**Exercise brief:** Line by line, transcribe all of the entries exactly.

**Records shown:**
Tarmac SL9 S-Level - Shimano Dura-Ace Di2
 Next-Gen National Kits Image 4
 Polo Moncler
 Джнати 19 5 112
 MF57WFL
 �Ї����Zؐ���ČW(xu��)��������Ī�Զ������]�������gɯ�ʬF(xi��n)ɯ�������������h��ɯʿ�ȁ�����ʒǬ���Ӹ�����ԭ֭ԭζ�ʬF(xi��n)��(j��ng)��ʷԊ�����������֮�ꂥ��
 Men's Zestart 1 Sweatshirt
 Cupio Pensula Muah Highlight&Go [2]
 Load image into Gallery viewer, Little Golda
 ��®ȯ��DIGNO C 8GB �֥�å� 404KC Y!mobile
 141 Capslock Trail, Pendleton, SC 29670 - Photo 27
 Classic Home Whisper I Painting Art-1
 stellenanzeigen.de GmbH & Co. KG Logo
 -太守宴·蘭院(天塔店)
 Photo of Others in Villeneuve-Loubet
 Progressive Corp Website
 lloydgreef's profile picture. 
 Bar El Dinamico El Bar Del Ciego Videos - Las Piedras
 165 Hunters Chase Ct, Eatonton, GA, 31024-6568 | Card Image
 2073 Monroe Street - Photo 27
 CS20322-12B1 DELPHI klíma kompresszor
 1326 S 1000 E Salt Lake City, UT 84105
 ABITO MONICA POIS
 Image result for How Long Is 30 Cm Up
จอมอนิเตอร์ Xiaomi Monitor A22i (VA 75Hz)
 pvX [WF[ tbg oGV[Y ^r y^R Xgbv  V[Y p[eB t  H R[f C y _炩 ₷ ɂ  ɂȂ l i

**Response area:**
Tarmac SL9 S-Level - Shimano Dura-Ace Di2
 Next-Gen National Kits Image 4
 Polo Moncler
 Джнати 19 5 112
 MF57WFL
 �Ї����Zؐ���ČW(xu��)��������Ī�Զ������]�������gɯ�ʬF(xi��n)ɯ�������������h��ɯʿ�ȁ�����ʒǬ���Ӹ�����ԭ֭ԭζ�ʬF(xi��n)��(j��ng)��ʷԊ�����������֮�ꂥ��
 Men's Zestart 1 Sweatshirt
 Cupio Pensula Muah Highlight&Go [2]
 Load image into Gallery viewer, Little Golda
 ��®ȯ��DIGNO C 8GB �֥�å� 404KC Y!mobile
 141 Capslock Trail, Pendleton, SC 29670 - Photo 27
 Classic Home Whisper I Painting Art-1
 stellenanzeigen.de GmbH & Co. KG Logo
 -太守宴·蘭院(天塔店)
 Photo of Others in Villeneuve-Loubet
 Progressive Corp Website
 lloydgreef's profile picture. 
 Bar El Dinamico El Bar Del Ciego Videos - Las Piedras
 165 Hunters Chase Ct, Eatonton, GA, 31024-6568 | Card Image
 2073 Monroe Street - Photo 27
 CS20322-12B1 DELPHI klíma kompresszor
 1326 S 1000 E Salt Lake City, UT 84105
 ABITO MONICA POIS
 Image result for How Long Is 30 Cm Up
จอมอนิเตอร์ Xiaomi Monitor A22i (VA 75Hz)
 pvX [WF[ tbg oGV[Y ^r y^R Xgbv  V[Y p[eB t  H R[f C y _炩 ₷ ɂ  ɂȂ l i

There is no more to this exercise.